═════ Available data ═════

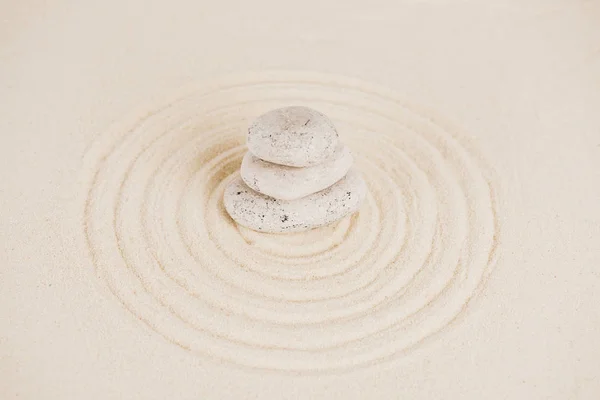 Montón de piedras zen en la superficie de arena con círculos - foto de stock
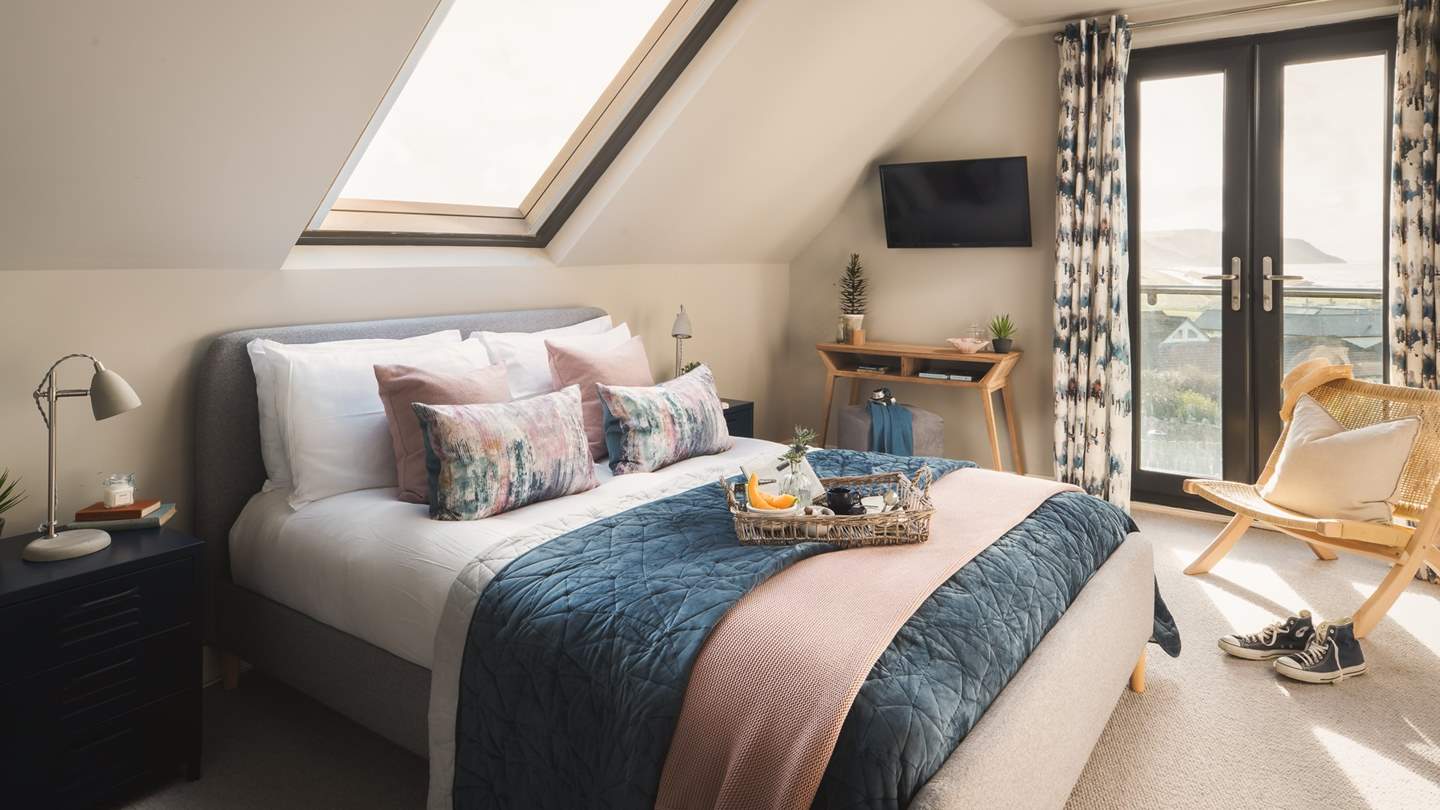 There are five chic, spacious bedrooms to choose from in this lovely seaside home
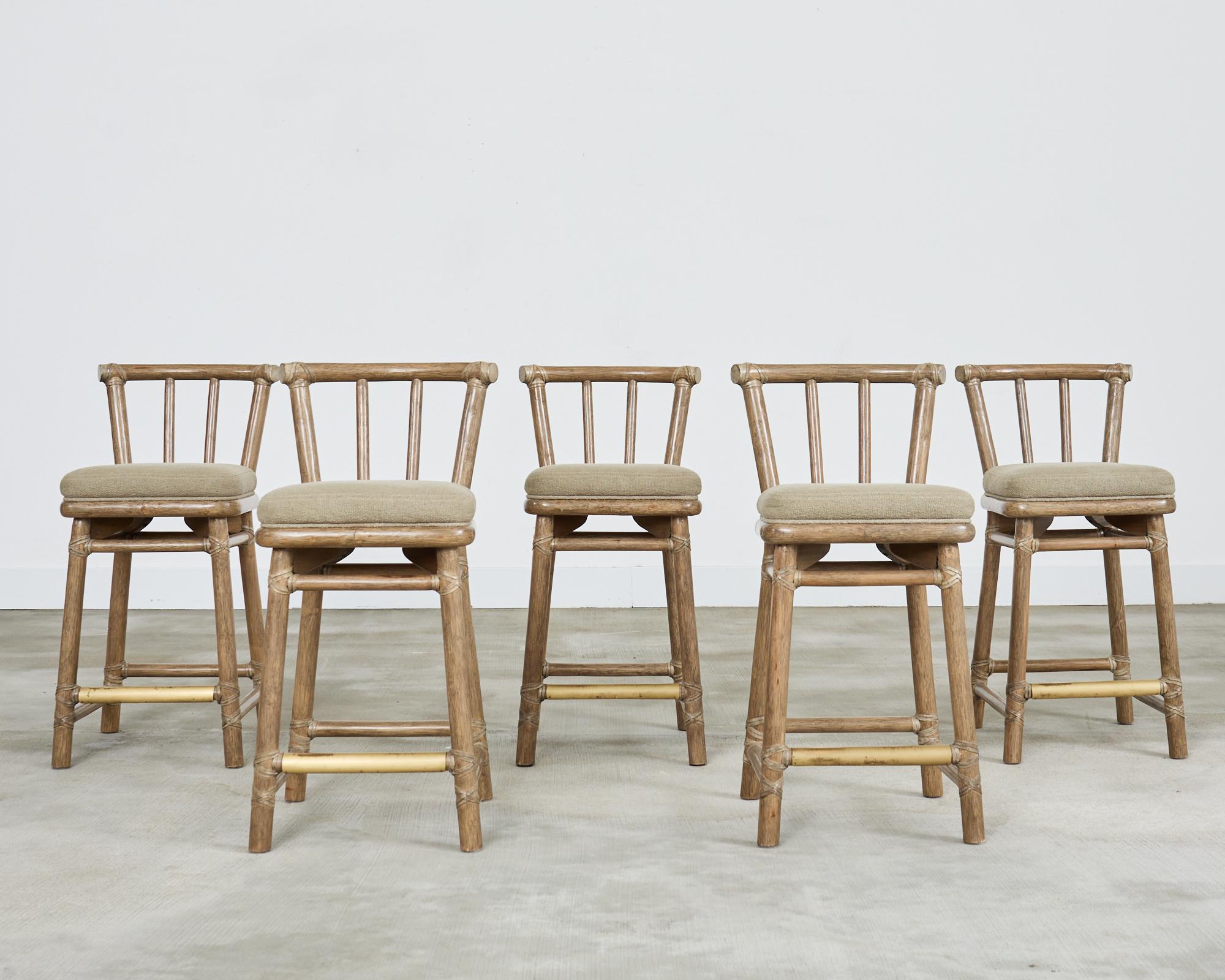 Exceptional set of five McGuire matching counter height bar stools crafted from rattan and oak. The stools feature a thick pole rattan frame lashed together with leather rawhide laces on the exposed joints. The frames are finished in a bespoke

═════
═════ Available data ═════

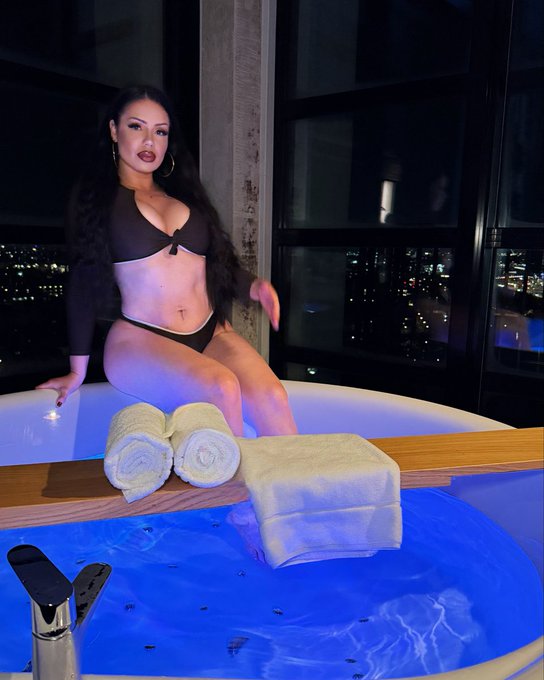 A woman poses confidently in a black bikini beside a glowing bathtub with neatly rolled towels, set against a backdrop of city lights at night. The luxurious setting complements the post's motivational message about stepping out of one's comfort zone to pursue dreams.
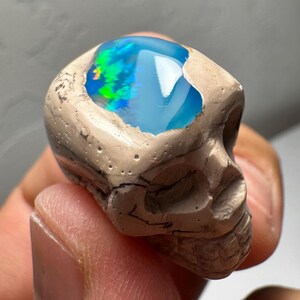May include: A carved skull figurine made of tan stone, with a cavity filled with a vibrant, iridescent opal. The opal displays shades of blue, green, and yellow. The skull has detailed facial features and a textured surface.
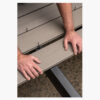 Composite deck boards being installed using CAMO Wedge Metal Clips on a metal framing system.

═════

## Problem details
Give exactly the lines above that run from the line with "Montón de piedras" to the line with "There are five", both included, leaving every picture out.

## Written solution
 Montón de piedras zen en la superficie de arena con círculos - foto de stock
 There are five chic, spacious bedrooms to choose from in this lovely seaside home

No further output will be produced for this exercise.